[DATASET EXCERPT]:
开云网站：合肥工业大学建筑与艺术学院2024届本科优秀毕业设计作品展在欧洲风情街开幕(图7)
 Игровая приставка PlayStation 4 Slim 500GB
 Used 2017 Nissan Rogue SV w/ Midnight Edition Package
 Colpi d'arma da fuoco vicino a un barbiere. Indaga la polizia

[TASK]: Transcribe the material in full, exactly as it is given.

[REPLY]:
开云网站：合肥工业大学建筑与艺术学院2024届本科优秀毕业设计作品展在欧洲风情街开幕(图7)
 Игровая приставка PlayStation 4 Slim 500GB
 Used 2017 Nissan Rogue SV w/ Midnight Edition Package
 Colpi d'arma da fuoco vicino a un barbiere. Indaga la polizia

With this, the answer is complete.